Well I got sour news for you, Jack.
It ain’t that easy.
For instance, are you willing to make the commitment to wakin’ up at the crack a’ noon for 7 or 8 readings of the Didache at a time, in a row?
How about are you ready to make the commitment to perfect knowledge of Greek, Latin, and Syriac—polyglot style—bristling on your tongue?
How about are you willing to make the commitment to wakin’ up and going, okay, study time, which church father am I gonna read? (Can’t decide! Can’t decide! Brain aneurysm!)
Today Triablogue and Roger Pearse have asked the question: how do I get into reading the church fathers, both in terms of primary and secondary reading? They come to some very different answers, and I have a third perspective…
But first let me call out the best of each post. Triablogue’s Jason Engwer says,
As you study the fathers and related issues, take a lot of notes, and keep them well organized. Don’t just take notes on the issues you’re most interested in. Note anything of significance, whatever the topic. It’s helpful to have extensive notes for future reference.
It’s a very good point. Both of them say something wise like this, from Roger Pearse,
Don’t work at it; just potter around, and look at stuff you find interesting!
If it’s fun to do, you’ll get more done in the long run. Both of them also put a fairly heavy emphasis on starting with the apostolic fathers, which makes sense chronologically and in terms of their relevance to New Testament study.
Roger Pearse has the very good idea of prioritizing the Church History of Eusebius. Every scholar’s introduction to pre-Nicene writings or history leans in some way on this primary source, so read it. It will let you know when the scholar is agreeing with or disagreeing with Eusebius. Eventually you will have a better appreciation both for Eusebius and for the secondary sources on church history, if you’re reading both, not just one or the other.
Okay, so here’s where my answer is different. Even though the question is how to study the church fathers, my first piece of advice is to cast your net wider. You will have a better appreciation for the church fathers if you are also reading the New Testament (duh?), the apocrypha, the gnostics, and other stuff. (By the way, there’s a site where you can do that.) That other stuff includes the whole gamut of Judaism and the classics, which is a pretty big reservoir of literature, but there’s no place where you can dip in your toe without some relevance to the rest of it.
How do you manage the complexity and the volume of literature?
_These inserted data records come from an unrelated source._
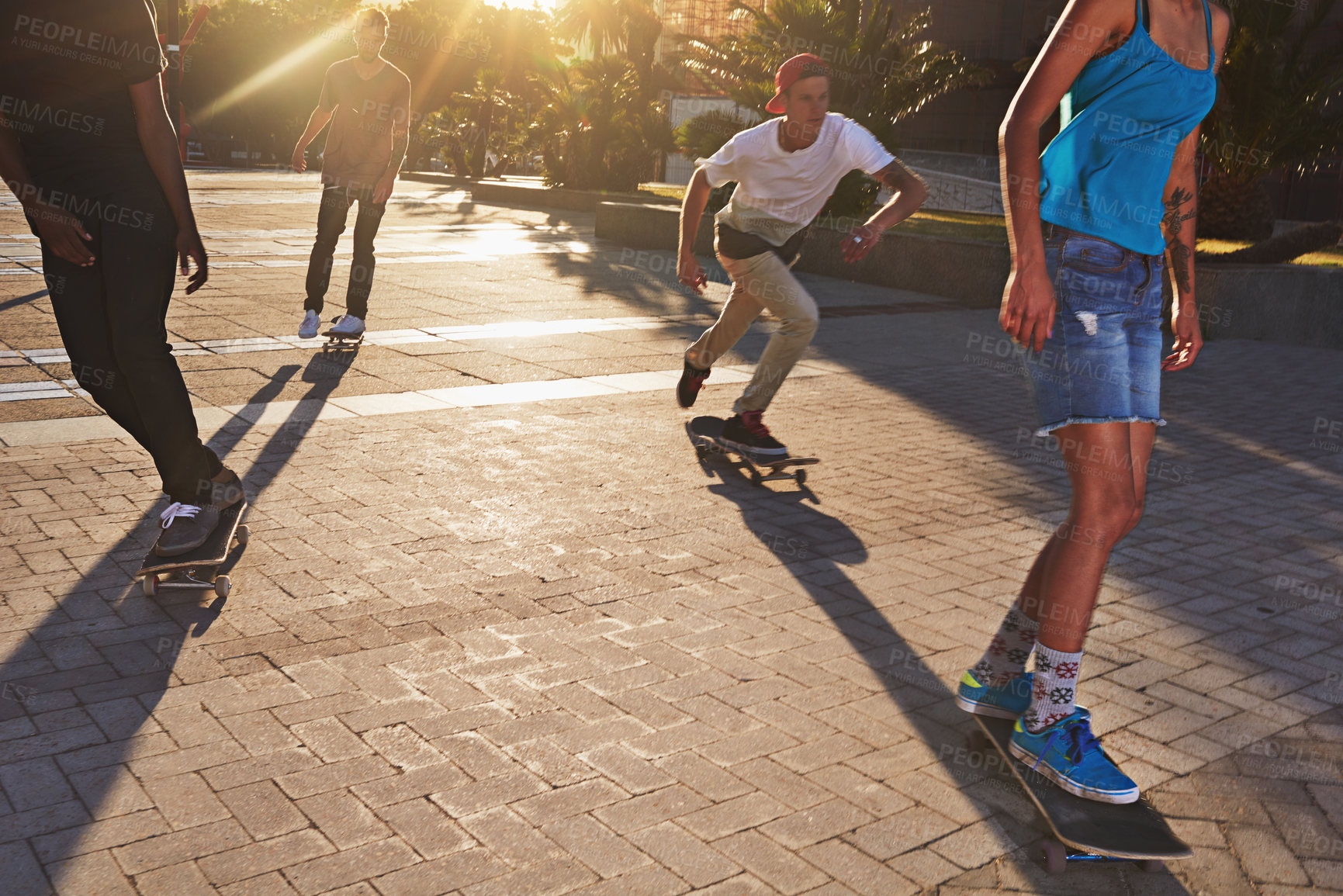 Buy stock photo Friends, skateboard sports and people in street, city or outdoors for fun practice. Exercise, fitness and group hobby with training and skaters bonding together on urban road for downtown workout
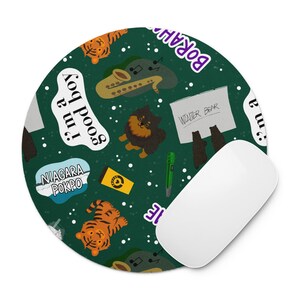 Könnte beinhalten: Rundes Mauspads mit einem skurrilen Design auf dunklem grünen Hintergrund. Das Design umfasst Zeichentricktiger, ein Saxophon, einen schwarzen Hund und Text mit der Aufschrift "I'm a good boy" und "Niagara Pokpo". Eine weiße Computermaus befindet sich auf der rechten Seite.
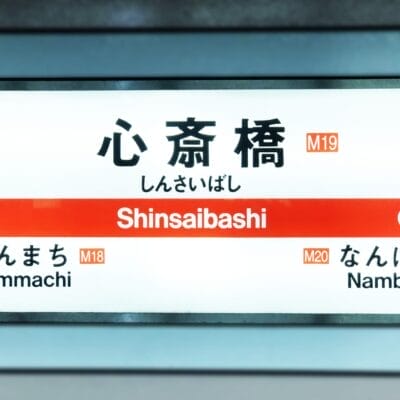 心斎橋の地下鉄駅名標には日本語と英語で「心斎橋」と表示されています。英会話スクールマンツーマンの近くに位置し、駅コードM19、M18、M20とともに「本町」「難波」への道順を掲載しています。.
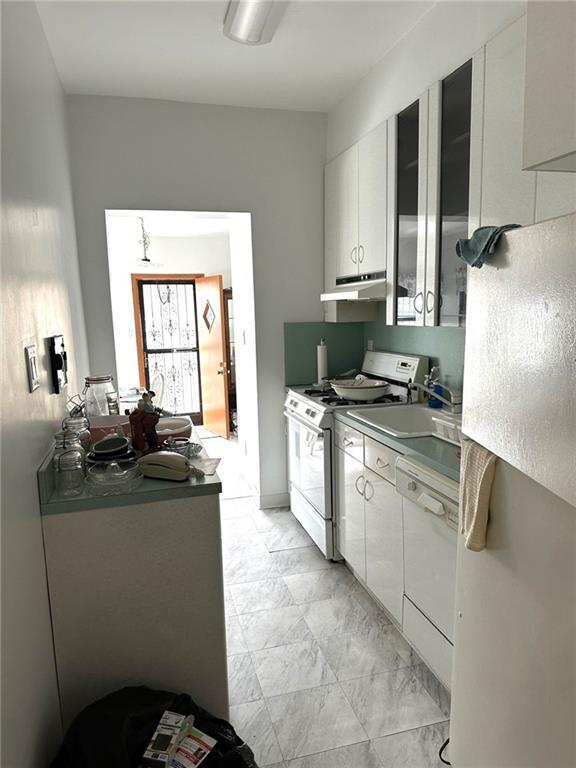 1334 66th Street Brooklyn, NY 11219 - Photo 8 of 15 a kitchen with a stove a sink and a refrigerator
One thing you can do is to start with the “good” literature instead of just the “good for you” literature. It’s always easier reading things you enjoy! People will vary in their tastes, so I’m not going to have particular recommendations (except to say that the most recognizable post-Nicene fathers are usually well-known for a reason). If you’re finding some reading difficult and slow, you can always put it aside to come back to it later.
Read secondary reference works first. If you’re able to be critical and hold them at arm’s length when you are reading the primary sources, these reference works will give you the sweep of things much more quickly.
- You should get one of those books titled something like “Context” or “Background” of the New Testament. Right now, I’m working through Green and McDonald’s recent The World of the New Testament. It’s mostly applicable to the church fathers too.
- I’m reading Birger A. Pearson’s Ancient Gnosticism at the moment, which is excellent regarding its subject.
- One of those “Second Temple Judaism” books should be in your reach.
- The subjects of Hellenistic Philosophy, Middle Platonism, and religion in the Roman Empire are germane.
- You may want some stuff with a secular approach to late antiquity and the Roman empire. You can also profit from the study of art and archaeology.
- I have never seen a patrology that I didn’t like, so you can go with Pearse’s suggestion of Quasten or you could get something more recent.
But here’s the bottom line…
I could say more, but the question asked for a beginner’s approach to the church fathers, so I’ve said more than enough already. Do you have the kind of background recommended with the first five bullet points above (or maybe you just want to skip to the good stuff)?
Then just grab any patrology and a copy of Eusebius’s church history, read through those, and continue reading whatever you like.
Good writeup. You almost make it sound easy. 🙂
Thanks, Paul. 🙂
Good post. I’ve found the church fathers to be extremely rewarding both academically and spiritually.
Thanks, Mike. 🙂
I’m a big fan of Drobner’s The Fathers of the Church: A Comprehensive Introduction as an introductory patrology.